The transition to EVs is already in motion—not just because technology makes EVs feasible to create but also because society is moving toward greater climate and environmental protection.
Transportation supports just about every business that operates today
Even some digital, service-based organizations have workers who need to commute to the office, and virtually all product-based companies need cars and trucks to get supplies or deliver orders.
But like many other things in the business space, vehicles are changing. If you’re a savvy leader, then you should be asking yourself what the future of transportation will be so you can create a realistic, affordable, and fearless plan to stay on the road.
ELECTRIC VEHICLES ARE ABOUT TO SHINE
Inventors were experimenting with electric vehicles (EVs) as early as the beginning of the 1800s. In fact, the first electric car in the U.S., created by William Morrison, debuted in 1890. When Henry Ford came onto the scene, however, the lower price of the mass-produced Model T, along with the low cost of crude oil from Texas, simply allowed gasoline engines to win out.

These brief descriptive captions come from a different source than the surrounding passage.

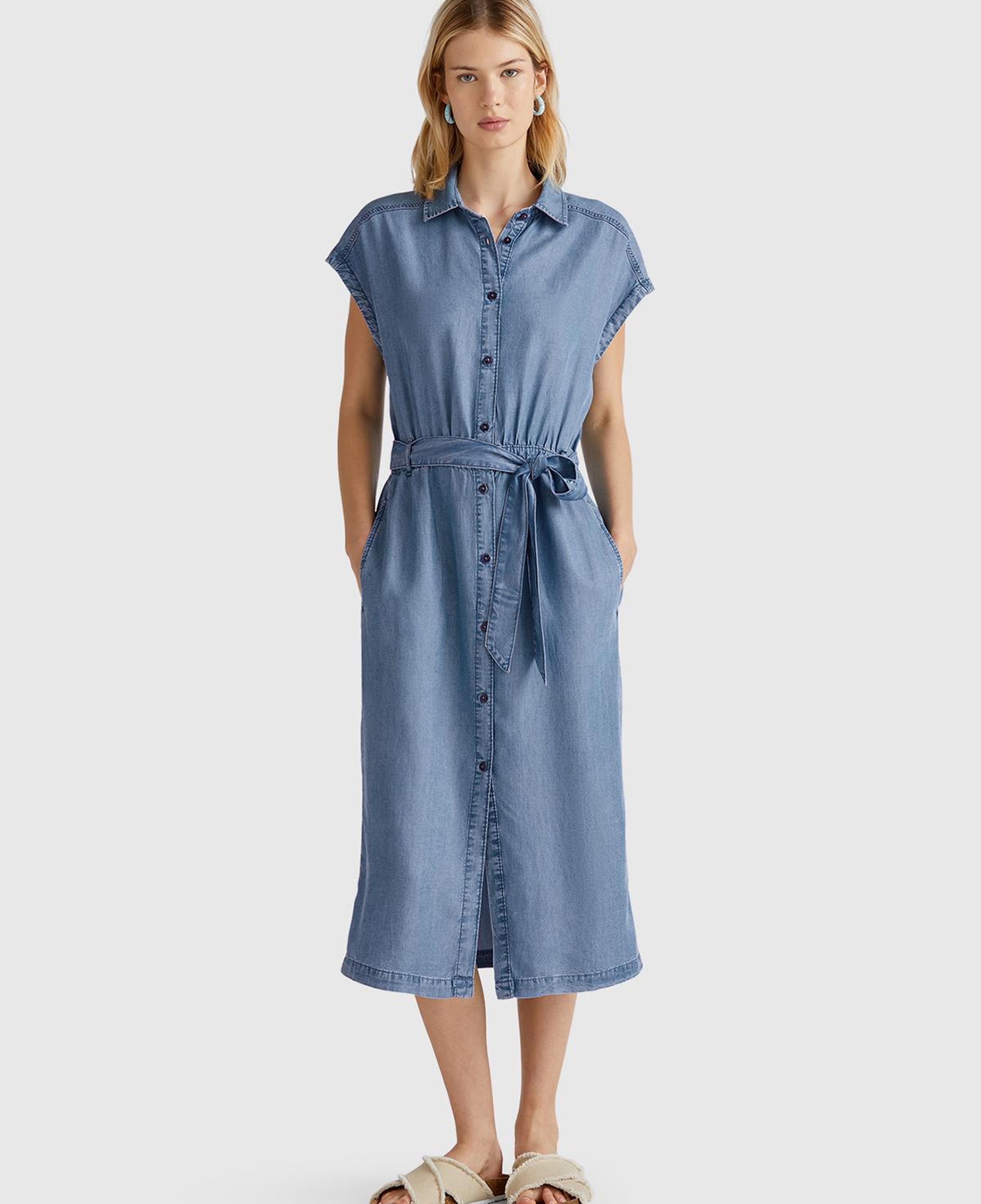 Kadın Açık Mavi %100 Liyosel Polo Yaka Belden Bağlamalı Midi Elbise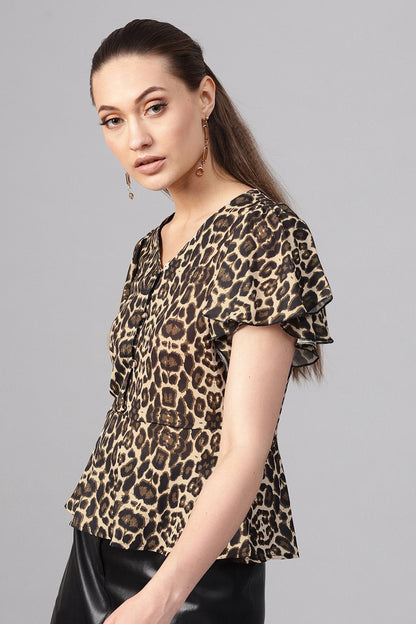 Women's Black Cheetah Peplum Top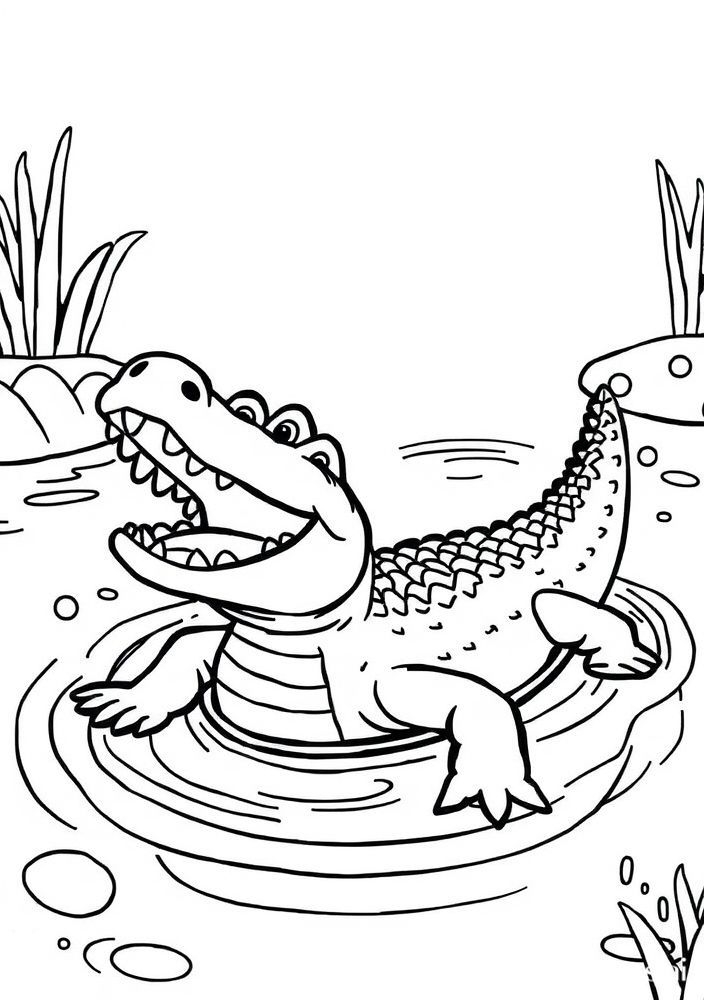 Desenho de Jacaré Brincando na Água para colorir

So, electric cars aren’t a new concept at all. But there’s never been a bigger push for companies to take care of the planet and be aware of the worsening climate crisis than there is today. Big corporations like Amazon, Unilever, and Walmart are responding to that push and making commitments to drop their greenhouse gas emissions and carbon footprint to neutral. Many people want clean, environmentally responsible transportation, and because technology has improved so significantly, companies also now have the ability to deliver an EV future in a more practical way.
WHERE WE CURRENTLY STAND
Different areas of the world are at different points in the gas-to-electric transition. Take a look at Norway, for instance. In August 2021, just over 70% of the vehicles registered were EVs. The U.S. lags behind with the aim of 50% of vehicles being EVs by 2030. But some regions, such as California and New York, are already issuing some mandates that go further with fossil fuel limits and will require all new cars and passenger trucks to be zero-emission.
The stage is primed for EVs to overtake internal combustion engine (ICE) vehicles. Traditional original equipment manufacturers (OEMs) like Ford and General Motors already see the writing on the wall and are heavily investing in EVs. Businesses like Tesla have already become well-known and respected in the space. Many smaller startups are getting in the game, too—Lordstown, Rivian, and Canoo, just to name a few. At the moment, much of their production is focused on vehicles for last-mile delivery (think your Amazon delivery van). But individuals are buying EVs, too; 2020 saw about 1.8 million EVs registered in the U.S.—more than three times the amount registered in 2016.
THE LAST HURDLES TO JUMP As EVs become cheaper and more widely available, they still have some barriers to overcome before they can truly become people’s first choice. Probably the biggest wall in front of EVs is infrastructure. America doesn’t yet have electric charging stations everywhere they need to be seen. Most are concentrated in larger cities. People still have ‘range anxiety’ and worry about whether they’ll be able to plug in and get where they need to go. Other countries have been able to erase that anxiety, although the U.S. admittedly has a larger geographical footprint to deal with.
Second, even though EVs are becoming more affordable, ICE vehicles still often have lower initial acquisition costs. People see the price of an EV and get sticker shock. But EVs can cost 40% less to operate over time because you don’t have expenses like oil changes or as many mechanical failures to worry about. You can typically get your total cost of ownership and return on investment—that is, recoup that extra money you pay upfront—in less time than you could with an ICE vehicle.